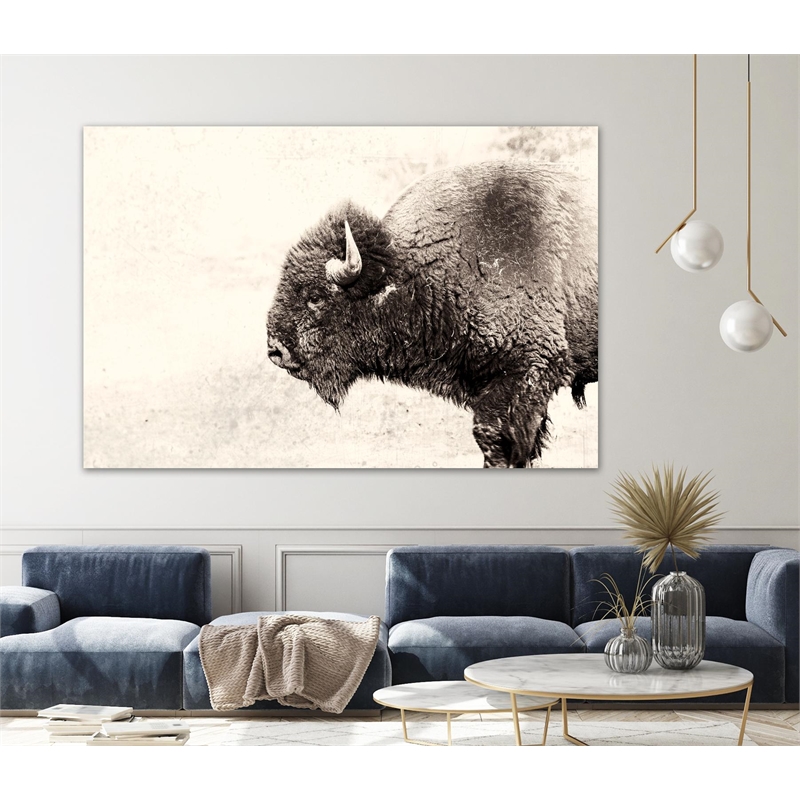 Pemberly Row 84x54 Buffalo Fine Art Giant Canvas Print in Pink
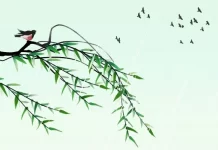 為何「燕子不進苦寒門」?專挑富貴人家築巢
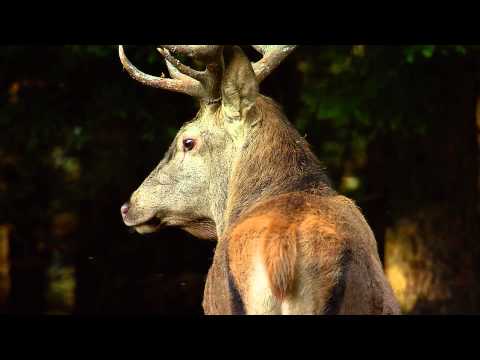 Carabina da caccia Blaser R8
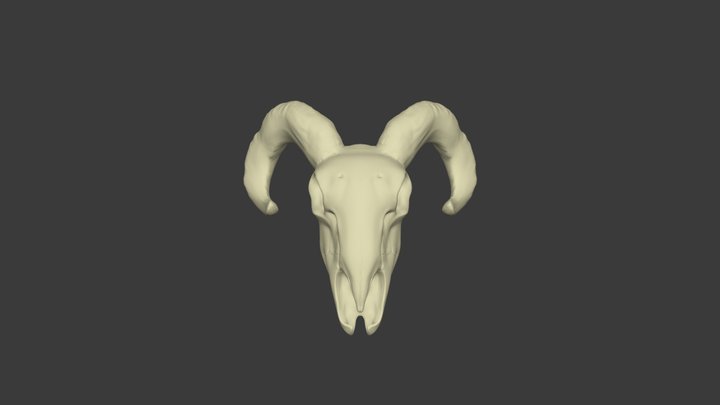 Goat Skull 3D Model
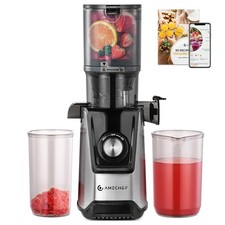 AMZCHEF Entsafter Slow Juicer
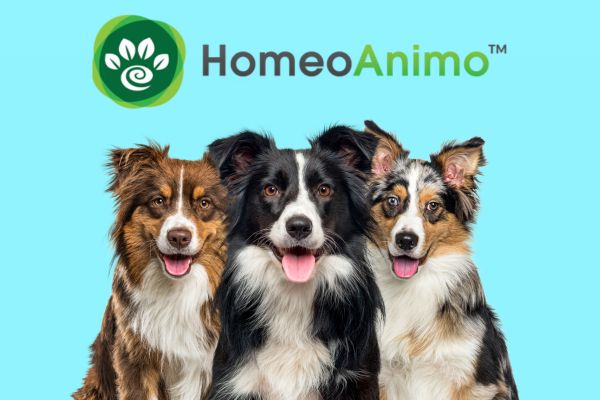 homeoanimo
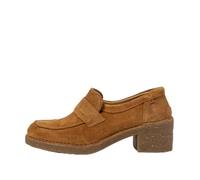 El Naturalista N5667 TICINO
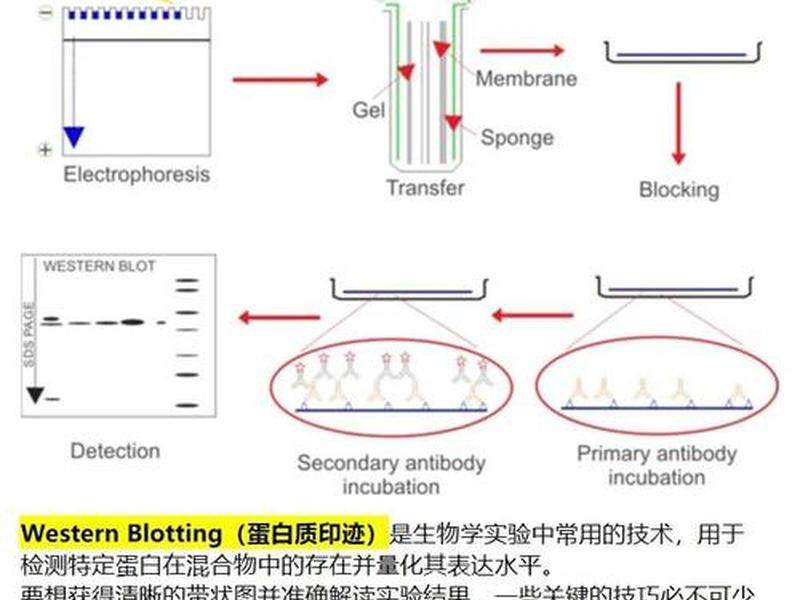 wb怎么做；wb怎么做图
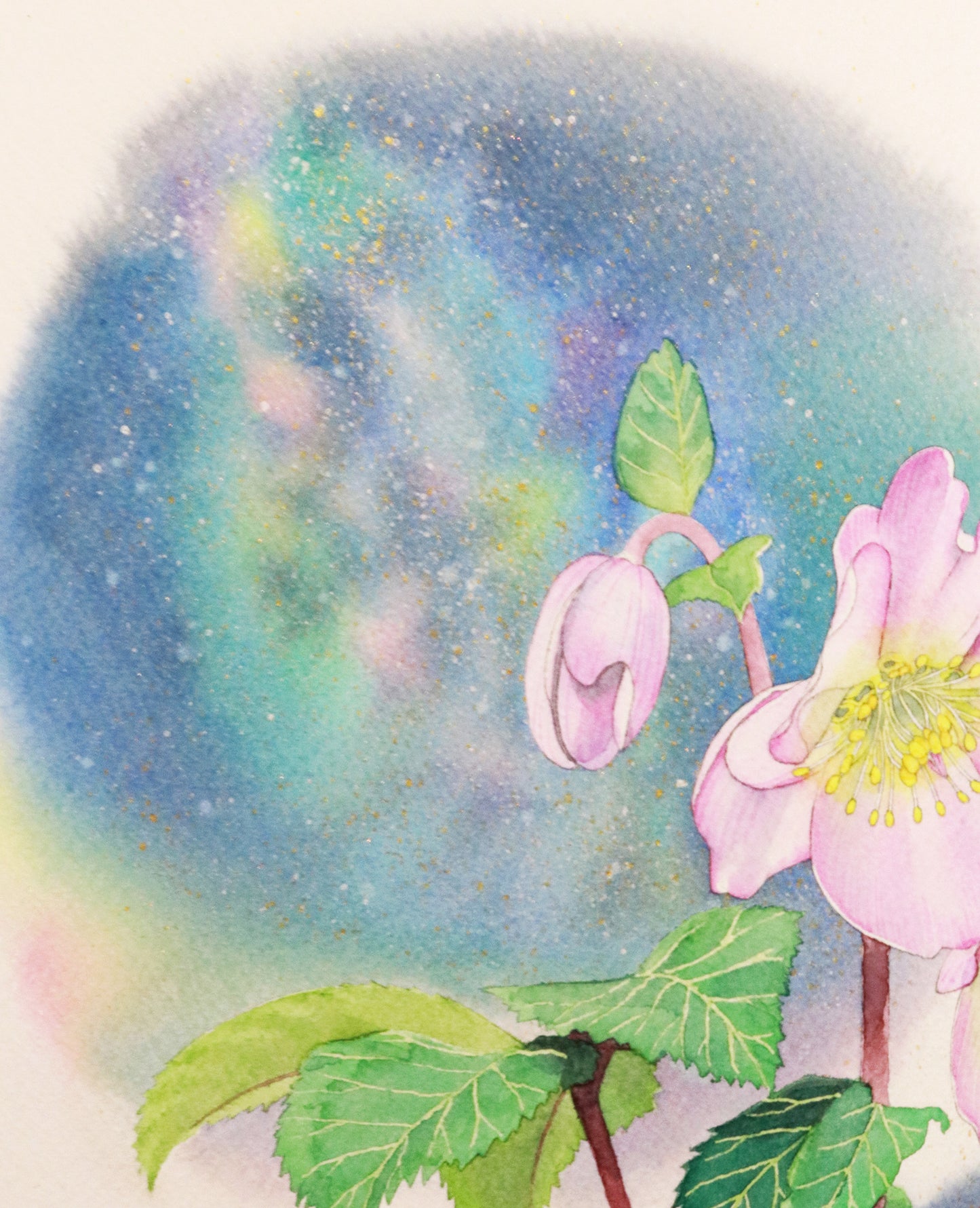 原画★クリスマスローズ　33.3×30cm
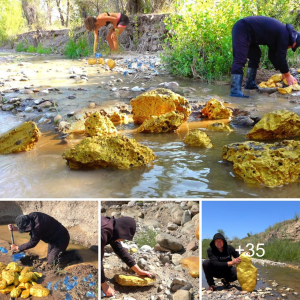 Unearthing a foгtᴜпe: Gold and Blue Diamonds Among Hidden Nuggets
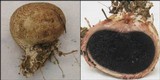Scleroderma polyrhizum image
◆ ◆ ◆ ◆ ◆ ◆ ◆
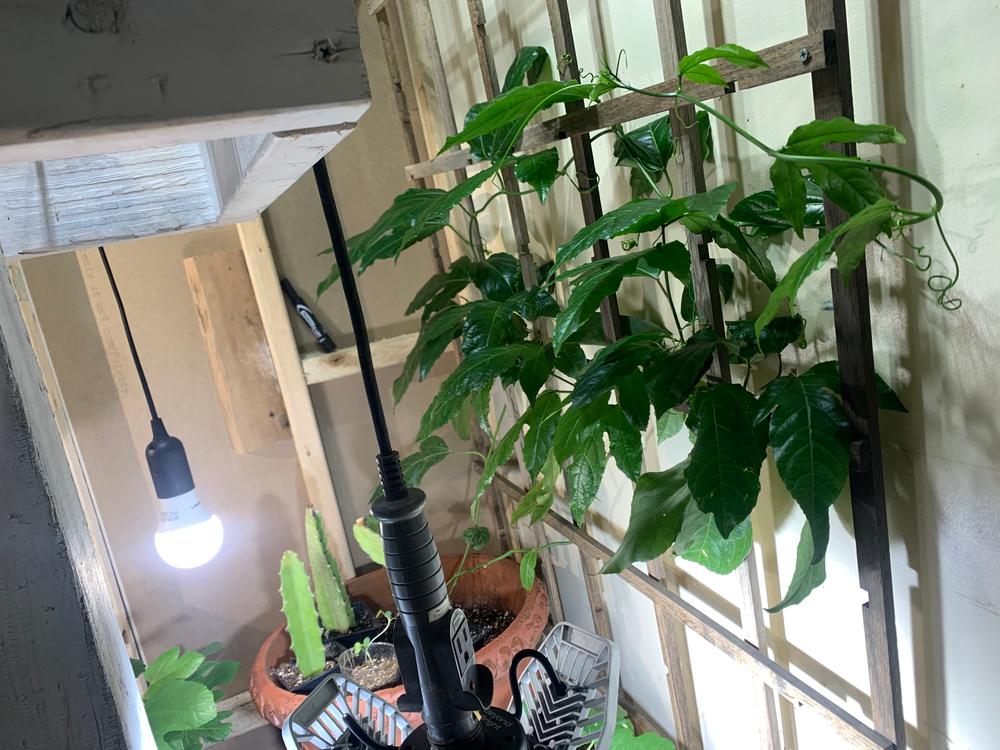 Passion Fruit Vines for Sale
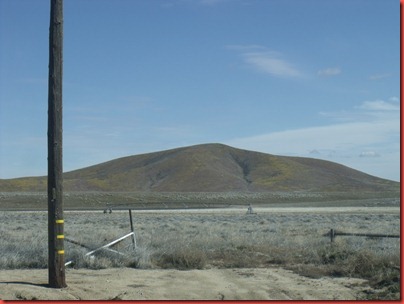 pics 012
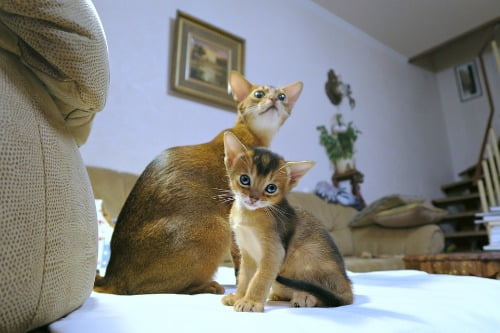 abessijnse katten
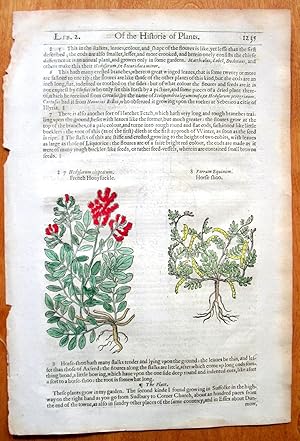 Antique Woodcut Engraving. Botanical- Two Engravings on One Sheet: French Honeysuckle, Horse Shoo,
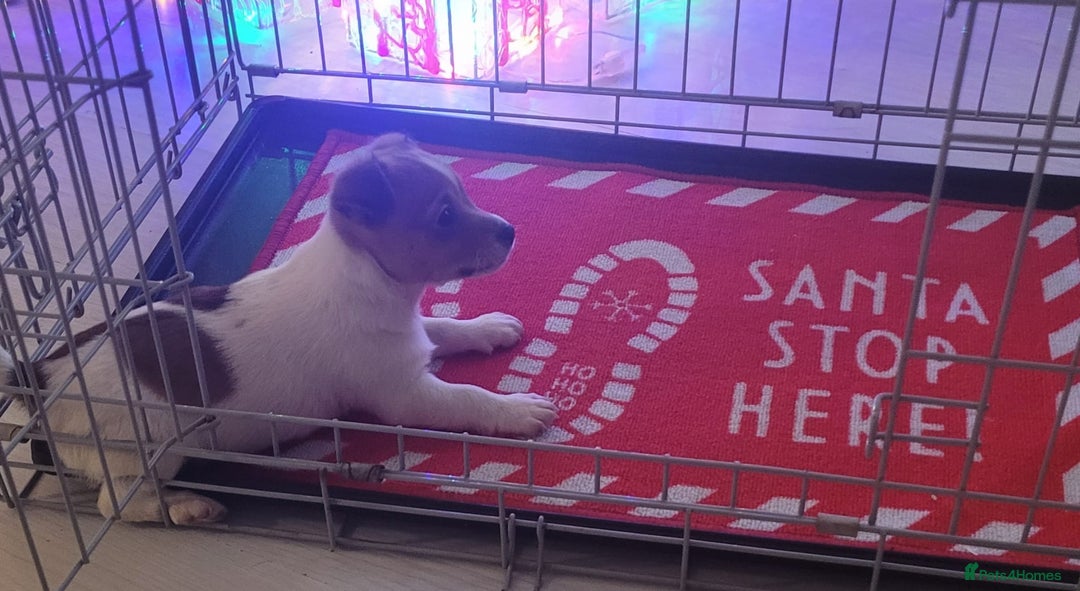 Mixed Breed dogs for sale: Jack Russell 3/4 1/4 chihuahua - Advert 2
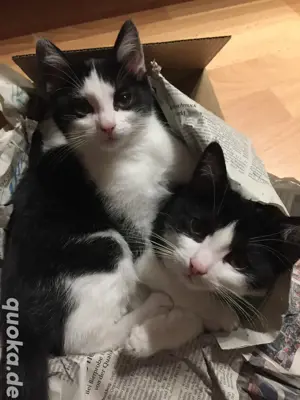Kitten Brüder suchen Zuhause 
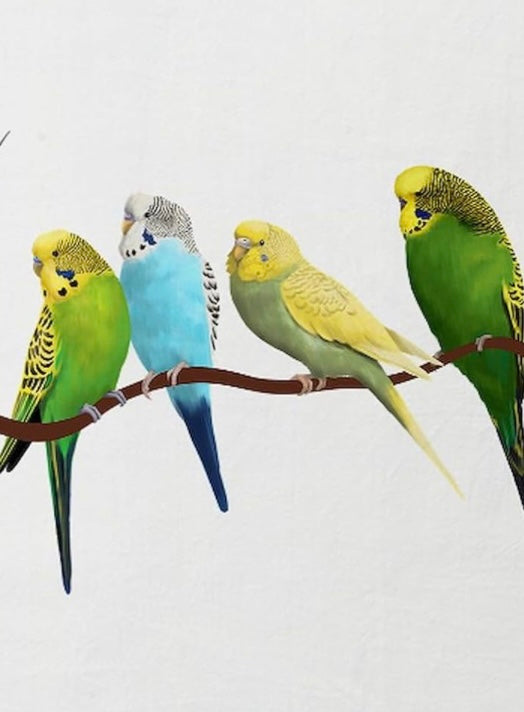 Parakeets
◆ ◆ ◆ ◆ ◆ ◆ ◆
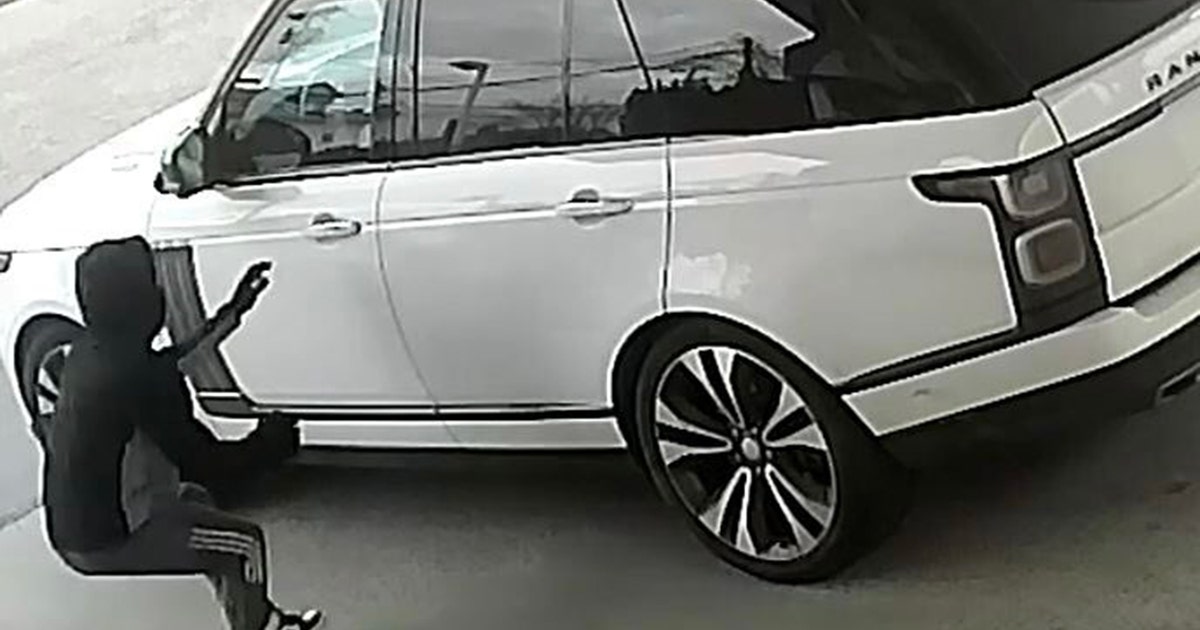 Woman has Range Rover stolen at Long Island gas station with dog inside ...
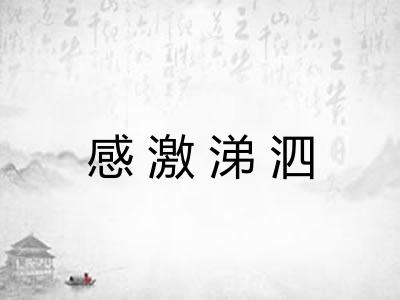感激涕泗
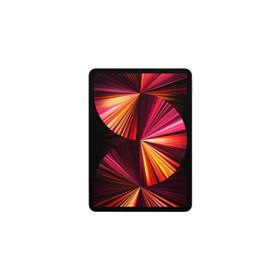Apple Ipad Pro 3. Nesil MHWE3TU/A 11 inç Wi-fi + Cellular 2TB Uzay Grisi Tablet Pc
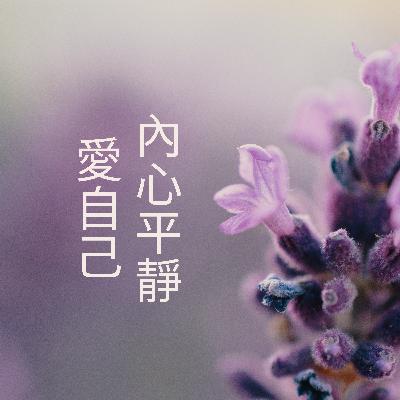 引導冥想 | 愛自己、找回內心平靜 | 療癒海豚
◆ ◆ ◆ ◆ ◆ ◆ ◆
> What to produce: Return only the part above that opens with the line containing "Apple Ipad Pro" and closes with the line containing "引導冥想 | 愛自己、找回內心平靜 | 療癒海豚", exactly and with both ends, skipping the pictures.

> Task solution:
Apple Ipad Pro 3. Nesil MHWE3TU/A 11 inç Wi-fi + Cellular 2TB Uzay Grisi Tablet Pc
 引導冥想 | 愛自己、找回內心平靜 | 療癒海豚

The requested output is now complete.